Experts warn sheep farmers of Nematodirus risk
The disease is caused by the immature stages of the worm Nematodirus battus, which can strike very quickly and with little warning.
“Before hatching, nematodirus eggs have to undergo a period of cold weather followed by warmer temperatures above 10°C,” explains Matt Colston, Veterinary Surgeon for Novartis Animal Health. “So a sudden rise in temperature, as we can have at this time of year, following on from a prolonged ‘cold snap’ can trigger a mass hatching of eggs, creating a big challenge. This is particularly dangerous for lambs, especially those at six to 12 weeks old that are starting to take in significant amounts of grass. At such a critical development stage they are at high risk and can suffer varying degrees of gut damage, causing diarrhoea, weight loss and death.”
Nematodirus symptoms include profuse watery diarrhoea, ill thrift, weight loss and sudden death, particularly of growing lambs
In a recent study, common gastrointestinal parasites were found to cost the UK sheep industry £84 million per year1. Farmers need to be prepared and seek advice if they think their lambs might be at risk of nematodirus.
“Because this disease strikes so quickly, we can’t afford to have a ‘wait and see’ policy with Nematodirus,” says Lesley Stubbings of Sustainable Control of Parasites in Sheep (SCOPS). “The damage is done by large numbers of immature larvae that are not producing eggs so Faecal Eggs Counts (FECs) are also not reliable. If farmers feel their lambs are at risk, and they need to treat for Nematodirus, then SCOPS advises the use of a white (1-BZ) drench* which is effective against this parasite and suitable for young lambs.”
“The SCOPS Nematodirus warning map will be live on the SCOPS website from early April,” advises Mrs Stubbings. “It is sensible for sheep farmers to visit the forecast leading up to and through the risk period.”
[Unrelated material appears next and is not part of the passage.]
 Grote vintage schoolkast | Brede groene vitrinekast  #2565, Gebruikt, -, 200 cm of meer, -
Nematodirus battus also has a slower, more extended life-cycle than most worms, and eggs deposited during one spring or summer generally do not hatch until the following spring. This allows infection to pass from a lamb crop in one year to the lambs born the following year, again, increasing the risk of mass hatchings.
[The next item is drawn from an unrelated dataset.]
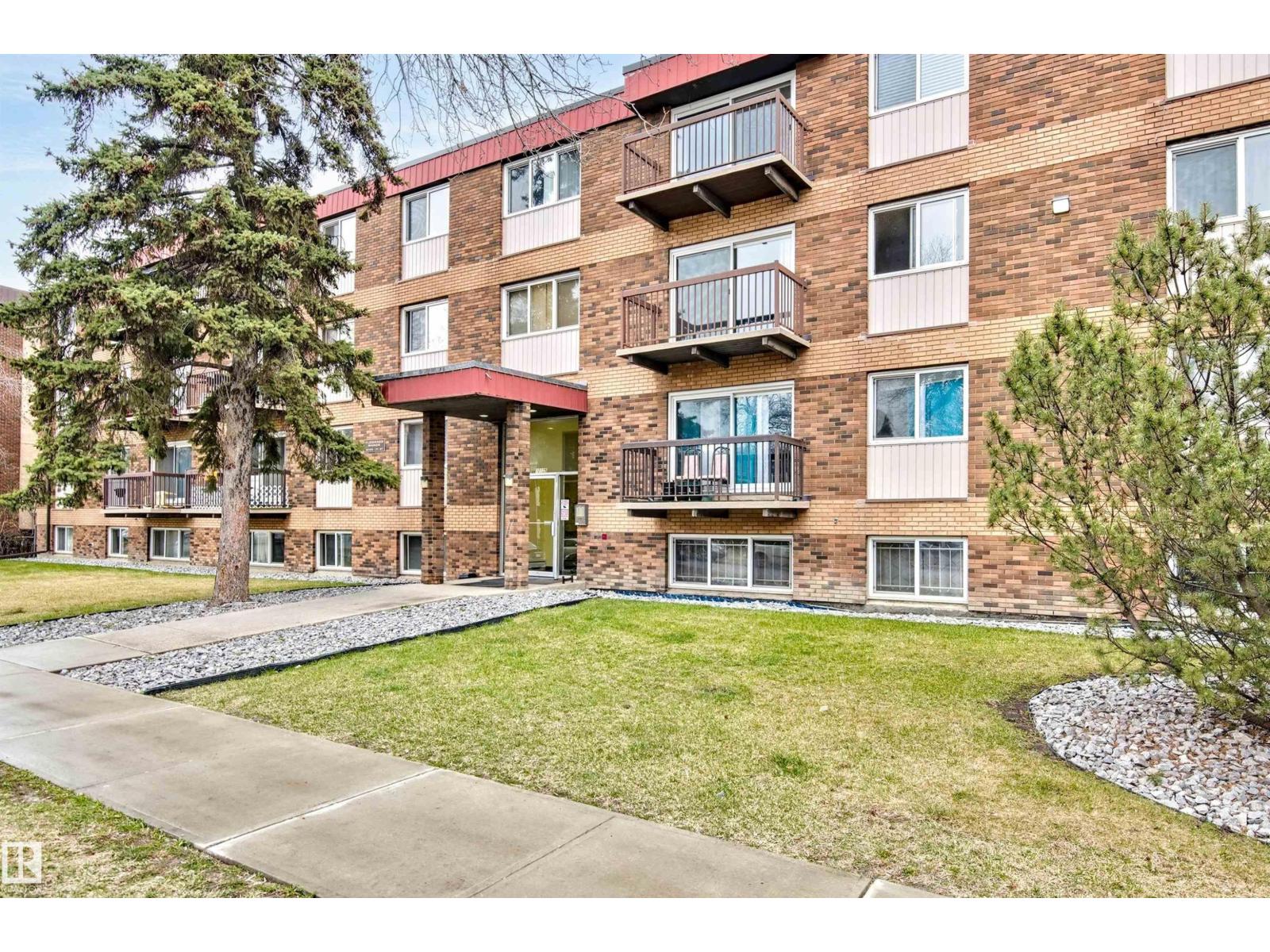 #402 10725 111 ST NW, Edmonton, Alberta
“For this reason, if it is possible, moving lambs to fields that were not grazed by lambs in the spring and summer of the previous year will significantly reduce their risk of contracting clinical Nematodirus,” adds Mr Colston.
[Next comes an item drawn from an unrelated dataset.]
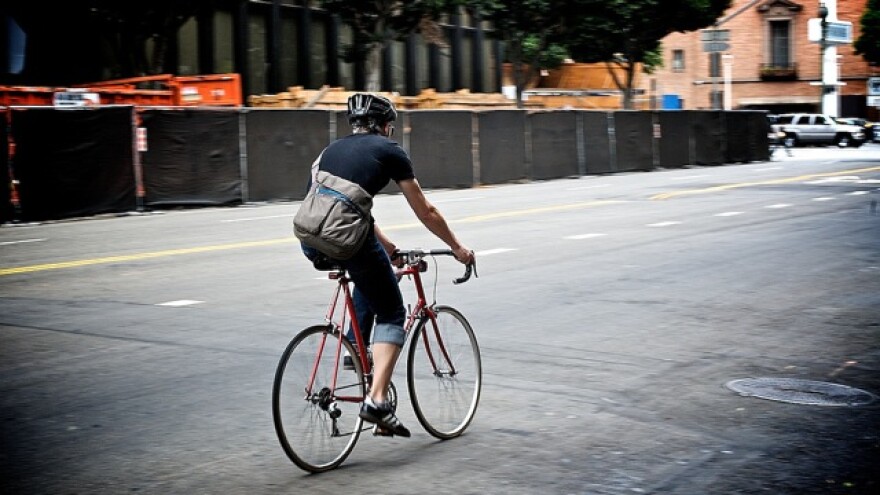 bicycle-sharing-newportbeach.jpg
With the limited options for stock and pasture rotation using the correct choice of wormer, containing benzimidazole a group1 white drench, is vital for successful lamb production in the face of Nematodirus.
Nematodirus, Coccidiosis or both?
Coccidia and nematodirus are both gut parasites affecting young lambs. Symptoms are similar, but treatment is not, so diagnosis must be early and accurate.
· Both cause severe diarrhoea, even death
· Lambs can have nematodirus and coccidiosis at the same time.
· Treatment for nematodirus will not treat coccidiosis and vice versa
· Treatment must be accurate and early
· Diagnose coccidiosis by identifying oocysts in dung.
· Suspect nematodirus if young lambs are scouring in the spring or early summer and there is no evidence of coccidiosis (Both can be confirmed by post mortem examination)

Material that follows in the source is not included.